木々が逆さに映るなかで一人の少女が、映った自分に木の枝でイジワルをする。
「つーん、つーん、ばしゃばしゃー」
ばしゃばしゃーでほっぺをつつき、つーんで枝を激しく動かす。
みんなが彼女にイジワルをする
スカートを捲り上げてくる子
男の子達が遊んでいるところに行くと仲間に入れてくれない子達
男の子達が見つけた本を「すげー」と言いながら見ているのを見せないように通せんぼする子
地面に落としたという砂粒ひとつ付いてない隣町の有名なお菓子を嫌味を言いながら渡してくる奴
そして彼女も自分にイジワルをします。
「つーん、つーん、ばしゃばしゃー」
でも、彼女にイジワルをしない子が一人だけいました。年上の男の子です。
彼はいつもニコニコ笑っています。
何か面白いことがあったのか聞くと、とても面白い話をしてくれます。
たまに……3回に一回くらい、話のオチがよく分からなかったときにどこがどう面白いのか説明を頼むと困った顔をされますが、それ以外は楽しそうです。

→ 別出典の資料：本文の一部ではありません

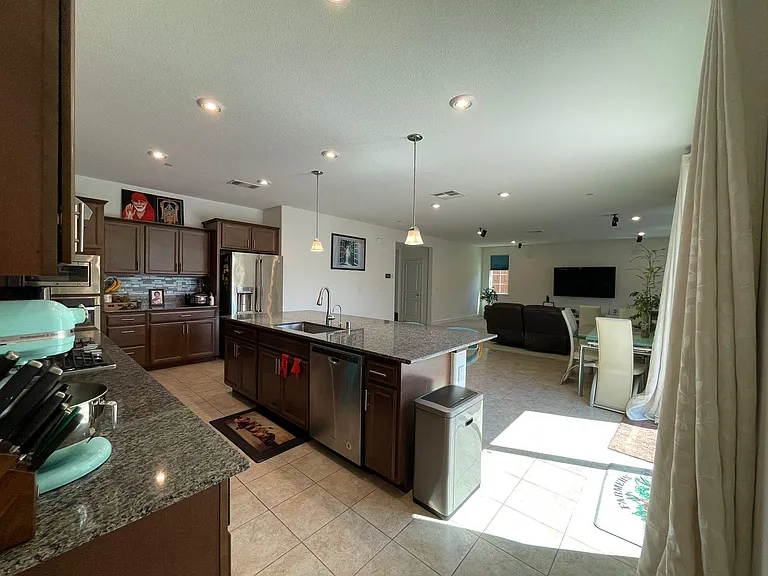 1323 Cow Ct — Photo 10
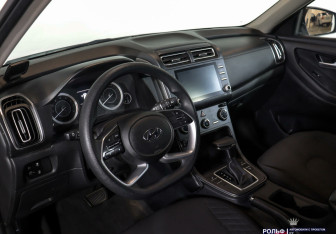 Подержанный автомобиль Hyundai Creta 2021 года (7 фото)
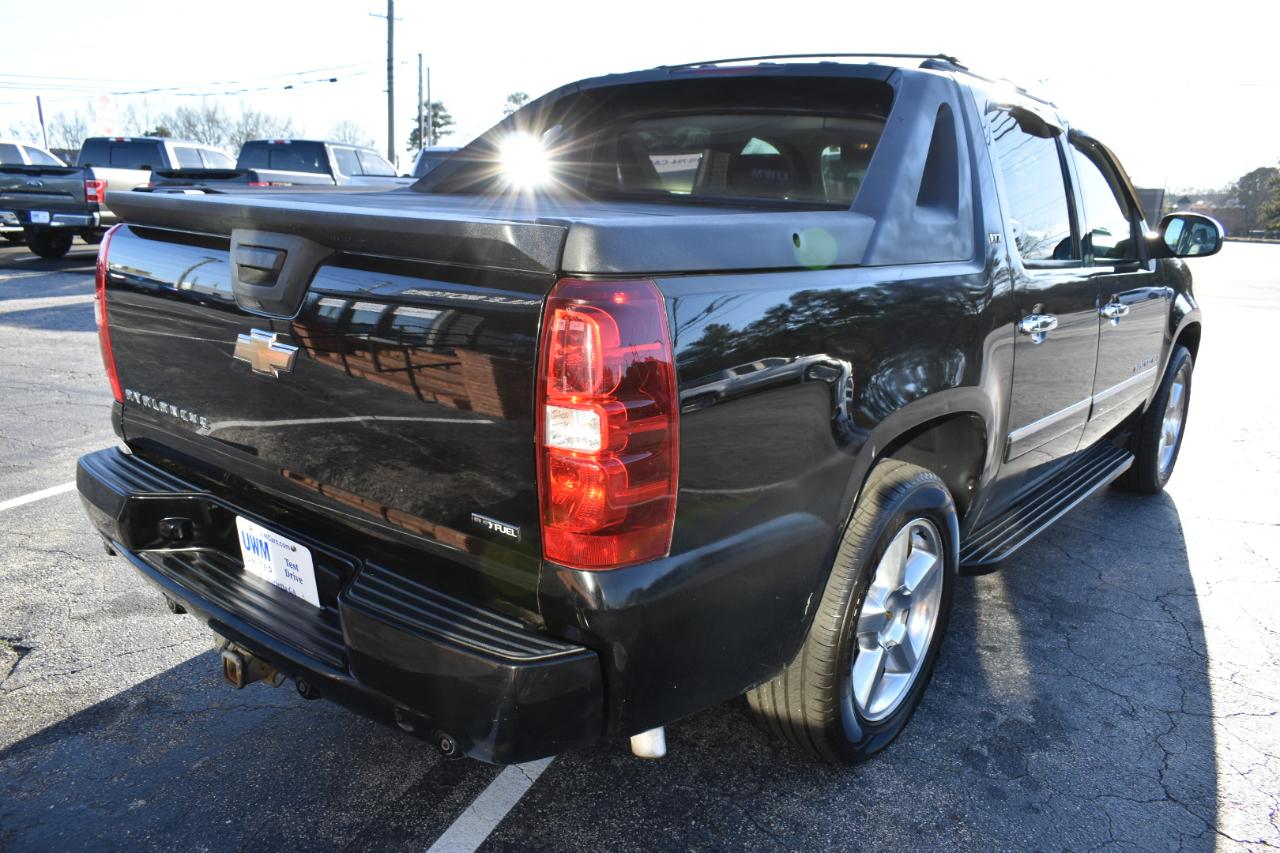 Chevrolet Avalanche LTZ 2WD 2009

彼にならなにをしても怒られなさそうなので、私にする代わりに彼にイジワルをすることにしました。
他の人にやられたイジワルを試してみます。
スカートを捲る為にスカートを履いてもらいます。スカートを捲ると真っ赤にした顔を手で隠してお母さんに謝っていました。
みんなで遊んでいるところに彼を呼びだして、仲間に入れてあげませんでした。ただ、私の友達はお人形さんたちなので、仲間には入れてあげませんが、彼にはお手伝いをしてもらいます。彼はずっとニコニコしています。
いいものを見つけたと、彼を家に呼びだします。でも、見せてあげません。彼はニコニコ笑ってお願いしてきますが絶対に見せてあげません。だって見せようにも見せられませんので。
地面に落としたという砂粒ひとつ付いてない隣町の有名なお菓子を奴に貰ったので、早速彼に渡しに行きます。彼に地面に落としたのであげると言うと、箱に入っているのだから大丈夫だろうと言われたけれど、嫌味を言って押し付けてきました。翌日、奴になんで彼にあげたのか聞かれましたが、地面に落ちたやつだからと言うと、大声で叫びながら帰っていきました。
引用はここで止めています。